Victoria University of Wellington's Ferrier Research Institute and the Breast Cancer Foundation New Zealand (BCFNZ) have joined forces to create a new vaccine for breast cancer.
Under the five-year research partnership, BCFNZ will grant $500,000 to the Ferrier Institute to progress a breakthrough made by the research institute’s chemists to create the vaccine.
Ferrier Research Institute is currently developing a synthetic cancer vaccine technology that has the capability to activate tumour-specific T-cells, producing a targeted immune response.
The vaccine causes rejection of cancer in several types of animal models.

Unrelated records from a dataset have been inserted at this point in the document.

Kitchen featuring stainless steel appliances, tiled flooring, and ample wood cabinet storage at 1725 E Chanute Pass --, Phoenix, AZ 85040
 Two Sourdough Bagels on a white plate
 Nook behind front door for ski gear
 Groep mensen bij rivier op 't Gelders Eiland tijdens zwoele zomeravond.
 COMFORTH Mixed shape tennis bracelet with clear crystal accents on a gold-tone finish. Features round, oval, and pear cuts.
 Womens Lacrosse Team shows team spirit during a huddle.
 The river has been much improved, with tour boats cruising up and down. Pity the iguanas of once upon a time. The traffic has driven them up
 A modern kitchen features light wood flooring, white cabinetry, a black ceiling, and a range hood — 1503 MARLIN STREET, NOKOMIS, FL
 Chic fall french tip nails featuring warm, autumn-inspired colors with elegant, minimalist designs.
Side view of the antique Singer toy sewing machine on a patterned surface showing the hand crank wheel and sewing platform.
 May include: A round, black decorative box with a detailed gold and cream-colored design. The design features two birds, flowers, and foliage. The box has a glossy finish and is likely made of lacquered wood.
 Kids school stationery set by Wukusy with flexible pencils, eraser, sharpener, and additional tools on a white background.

Ferrier Research Institute chemistry team lead professor Gavin Painter said: “Getting a new therapy to human clinical trials requires significant investment, and an intensive campaign of chemistry, biology and regulatory compliance.
“Our success to date has been made possible because we work with the exceptional immunology research group led by Professor Ian Hermans at the Malaghan Institute of Medical Research here in Wellington, a relationship built up in a seven-year strategic collaboration.”
Cancer immunotherapy has caused a shift in cancer treatment, with a focus on targeting the body's own immune system to fight cancer cells.
The research has led to the production of cancer vaccines, which are showing good results when used in certain situations.
The Ferrier Research Institute worked with the Albert Einstein College of Medicine in New York for 20 years, which has resulted in successful drug trials.
Some of the enzyme inhibitors ever reported include Forodesine as a targeted therapy for various haematological cancers, and Ulodesine as an orally available drug to treat severe gout.